Look for the line with "Plantex 10 Inch"; please transcribe it and every later line in the entries exactly, up to the end, leaving pictures out.

%%

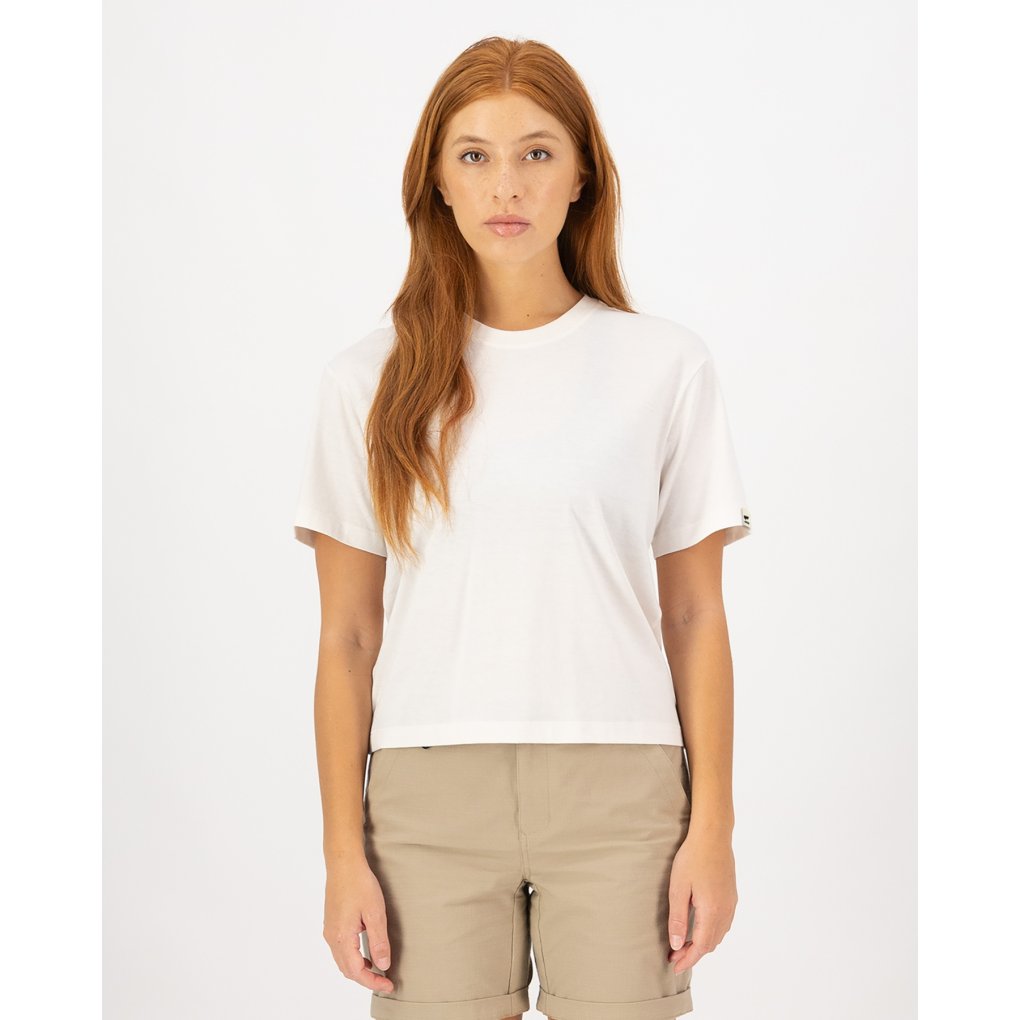 Mons Royale Yonder Merino Organic Cotton T-Shirt Women - vintage white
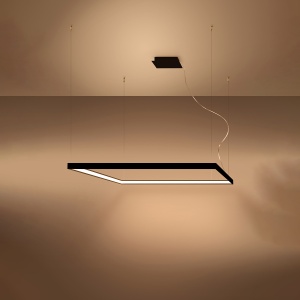 Candelabru LED Nelya Negru 3000K 110x110x150 cm - Img 3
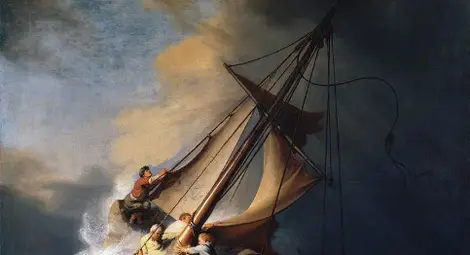 Христос в буря в Галилейско море от 1633 г., изчезнала през 1990 г.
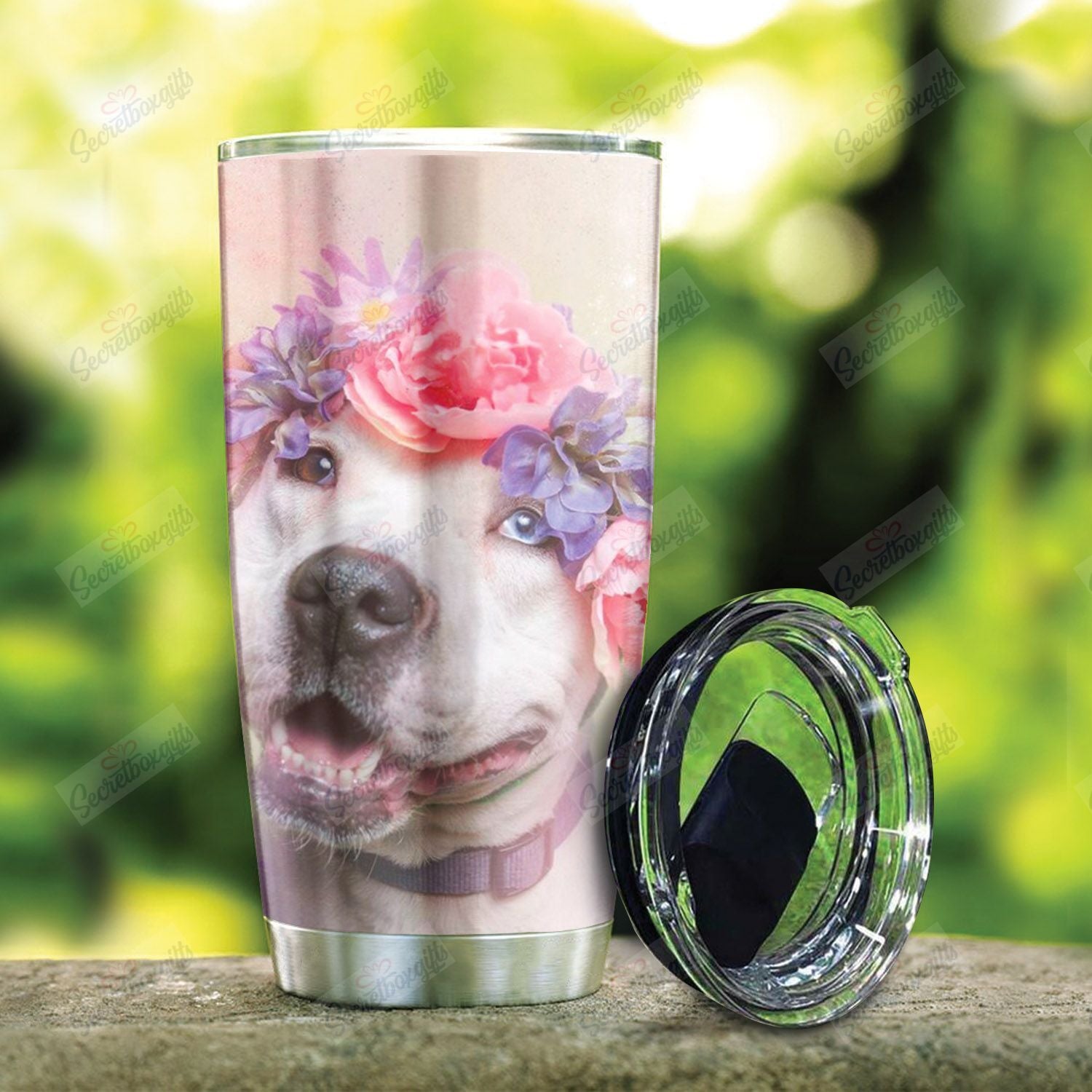 Pitbull Flower Nt0301030T Tumblers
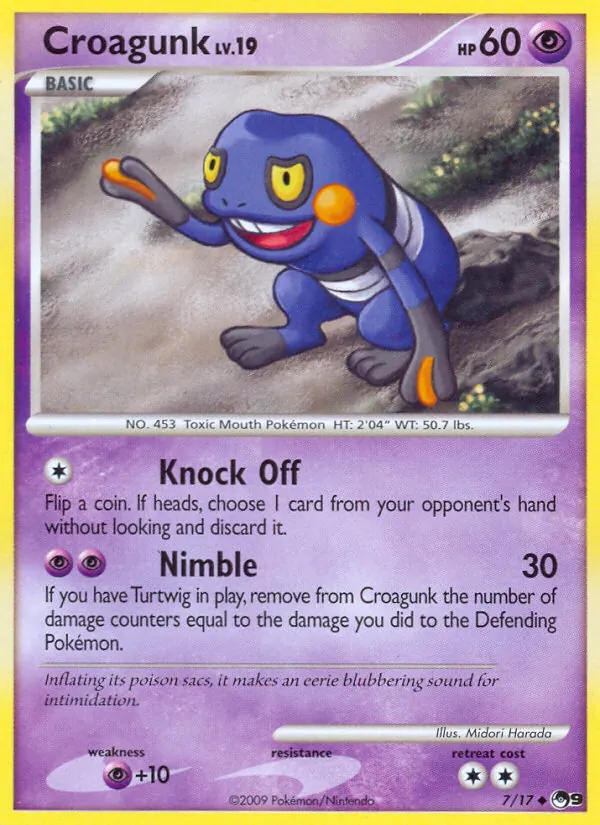 Croagunk, POP Series 9 007/017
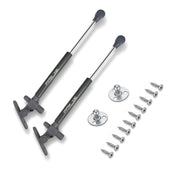 Plantex 10 Inch Soft Close Hydraulic Gas Spring Stay Strut Pneumatic Lift Support/Cabinet Hinges Support/Capacity 5 KGS (50 N) - Pair of 1 (2 Pcs) (Silver)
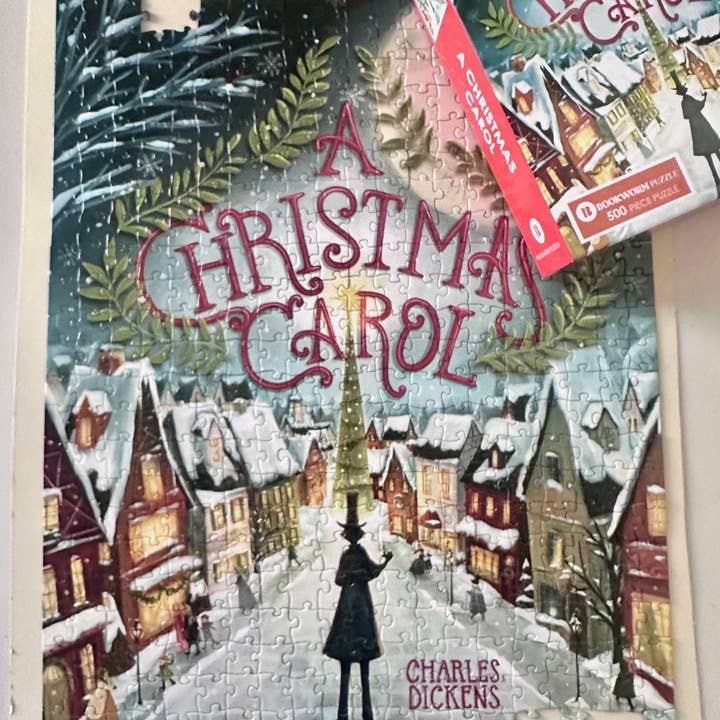 Bookworm Puzzle - Wholesale Puzzle - Adult - NEW! A CHRISTMAS CAROL -500 PIECE JIGSAW PUZZLE5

%%

__ANSWER SPACE__:
 Plantex 10 Inch Soft Close Hydraulic Gas Spring Stay Strut Pneumatic Lift Support/Cabinet Hinges Support/Capacity 5 KGS (50 N) - Pair of 1 (2 Pcs) (Silver)
 Bookworm Puzzle - Wholesale Puzzle - Adult - NEW! A CHRISTMAS CAROL -500 PIECE JIGSAW PUZZLE5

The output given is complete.